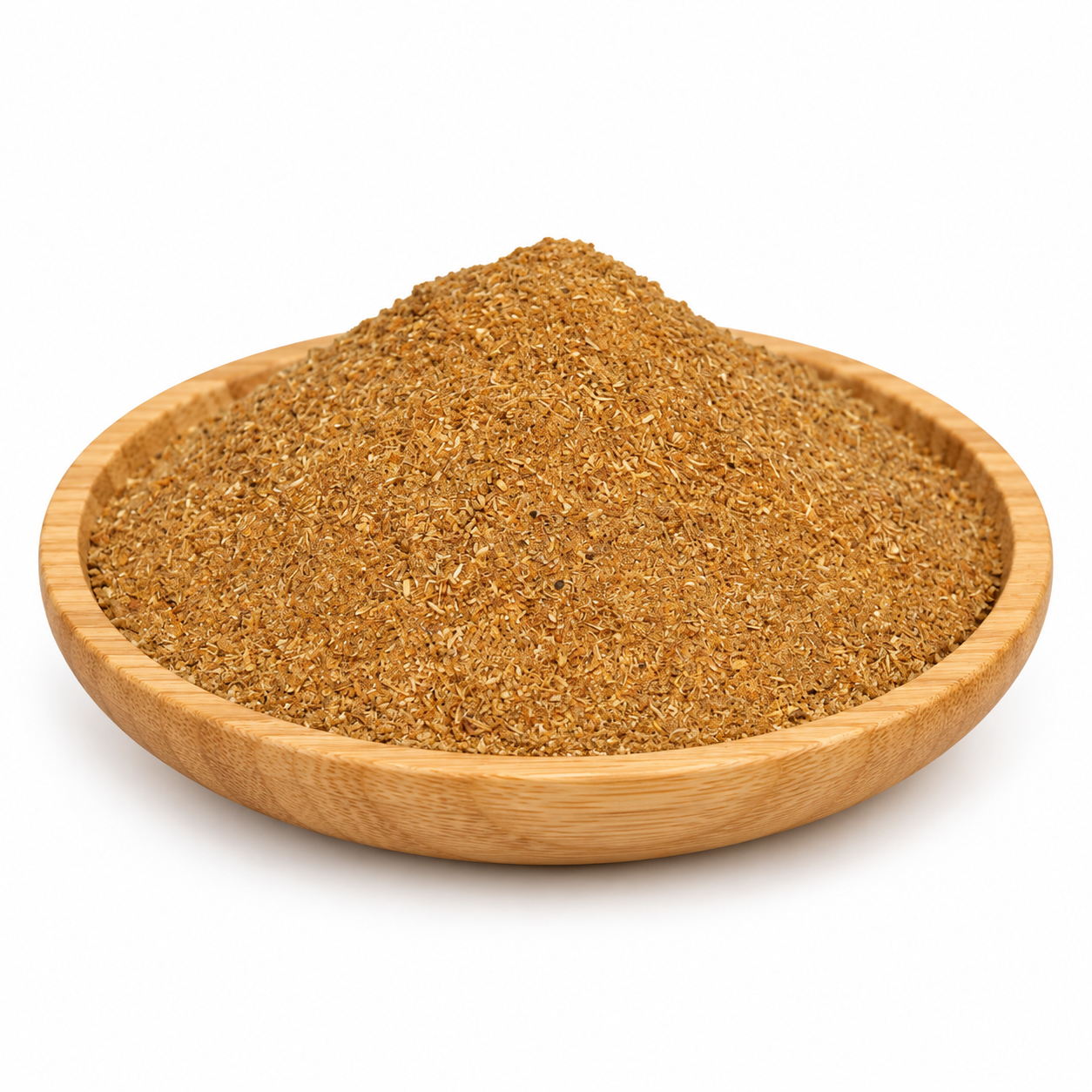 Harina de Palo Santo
====
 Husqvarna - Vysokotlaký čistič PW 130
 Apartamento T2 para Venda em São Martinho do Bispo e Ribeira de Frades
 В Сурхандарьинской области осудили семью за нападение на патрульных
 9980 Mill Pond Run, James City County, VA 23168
====
WORK ORDER: Reproduce exactly, and only, the part of the listing above that begins at the line with "Husqvarna - Vysokotlaký čistič PW 130" and goes on through the line with "9980 Mill Pond".

ANSWER TO THIS TASK:
 Husqvarna - Vysokotlaký čistič PW 130
 Apartamento T2 para Venda em São Martinho do Bispo e Ribeira de Frades
 В Сурхандарьинской области осудили семью за нападение на патрульных
 9980 Mill Pond Run, James City County, VA 23168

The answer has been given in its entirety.